3. Bone cell biology in high glucose condition
Resorption and creation of bone are two essential components of bone remodeling. A major element in the development of osteoporosis is an imbalance in bone reconstruction. Bone remodeling, the coordinated activities of bone-resorbing osteoclasts and bone-forming osteoblasts, is required for continuous bone turnover and regeneration. Diabetes may affect all types of bone cells and promote adipose tissue formation in bone marrow. In this part, we intend to describe separately for four different cells in bone microenvironment in the context of HG: mesenchymal stem cells, osteoblasts, osteoclasts, and osteocytes (Figure 1).
3.1. Mesenchymal stem cells in HG condition
Osteoblasts are derived from multipotent mesenchymal stem cells (MSCs), which may move to the site of impairment, proliferate, and differentiate (44). MSCs may be separated from peripheral blood and nonhematopoietic tissues such as adipose tissue, trabecular bone, dermis, dental pulp, synovium and lung, despite the fact that bone marrow is assumed to be the primary source of these precursor cells (45). As the most significant MSCs obtained from bone marrow, bone marrow-derived mesenchymal stem cells (BMSCs) play crucial roles in bone tissue regeneration.

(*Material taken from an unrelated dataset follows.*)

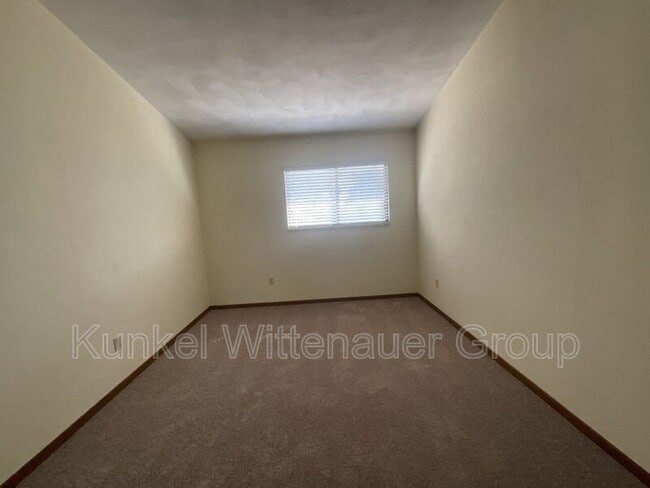 Building Photo - 166 Eagle Ridge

Different microenvironments such as high glucose levels, inflammation, and hypoxia, would change the physiological functioning of stem cells (46). Recent study has shown that osteoporosis was associated with an increase in circulating MSCs with low osteogenic potential, highlighting the importance of BMSCs for successful bone remodeling and/or repair in vitro (47). A number of studies have shown that the biological activities of BMSCs were modified by chronic exposure to a diabetic pathogenic environment (48, 49).
In addition, the serine/threonine kinase glycogen synthase kinase-3, also known as GSK-3, contains two remarkably homogeneous isoforms, GSK-3a and GSK-3b, which is a broadly expressed enzyme (50). GSK-3b inhibition could increase bone density (51). In high glucose microenvironments, GSK-3b activation as well as Wnt pathway suppression impede BMSC migration and proliferation, however, lithium chloride, an inhibitor of GSK-3b, may restore the functionality of BMSCs (46), according to Zhang et al. Moreover, Yu’s study demonstrated the activation of GSK3b in diabetic osteoporosis and its deleterious osteogenic affected BMSCs in a high glucose milieu through the β-catenin/Tcf7/Ccn4 signaling axis inhibition, and thus provide unprecedented perspectives into diabetes osteopathy (48).

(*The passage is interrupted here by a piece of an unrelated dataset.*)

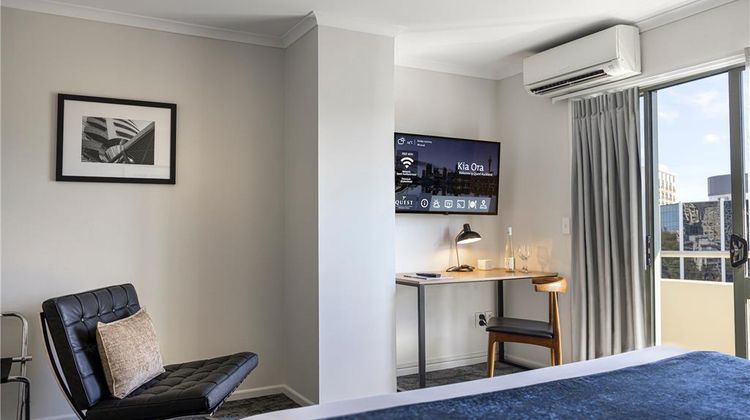Quest Auckland Hotel Suite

Furthermore, as a common denominator of the numerous osteogenic signaling pathways, it’s suggested to strictly mange the ROS levels for MSCs to undergo osteogenic differentiation (52). It is reported that usage of deferoxamine in vitro, the anti-osteogenic impact of superparamagnetic iron oxide nanoparticles was abolished, indicating that the free form of iron is significant to the inhibition of MSCs from differentiating into osteoblasts (53). Balogh et al. also approved that iron specifically prevents BMSCs from differentiating into osteoblasts without affecting adipogenic or chondrogenic differentiation (54).
In summary, high glucose condition shows an impact on mesenchymal stem cells and suppresses its differentiation process.

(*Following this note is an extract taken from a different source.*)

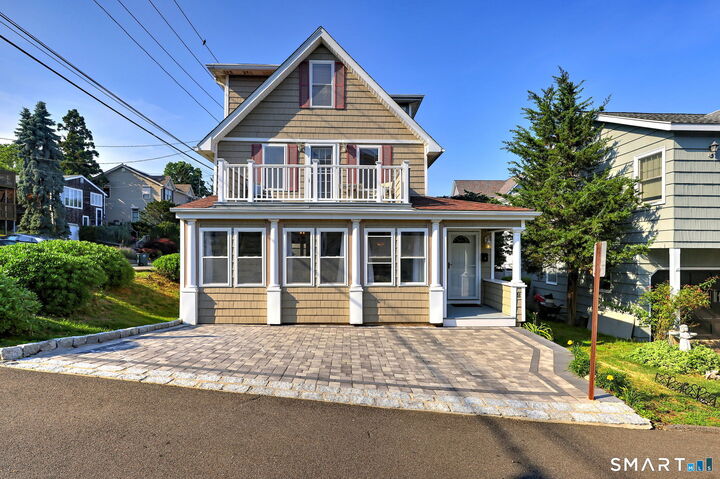 Property Photo: 2 Paris Street CT 06460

3.2. Osteoblasts in HG condition
Osteoblasts, which serve as bone-forming cells, originate from the sequential activity of transcriptional factors on mesenchymal precursors to osteoprogenitor lineages and eventually differentiate into osteocytes. Osteoblasts produce extracellular proteins such as osteocalcin, alkaline phosphatase, and type I collagen, the latter of which accounts for more than 90% of bone matrix protein. The extracellular matrix is initially secreted as unmineralized osteoid and becomes gradually mineralized when calcium phosphate concentrates as hydroxyapatite (55).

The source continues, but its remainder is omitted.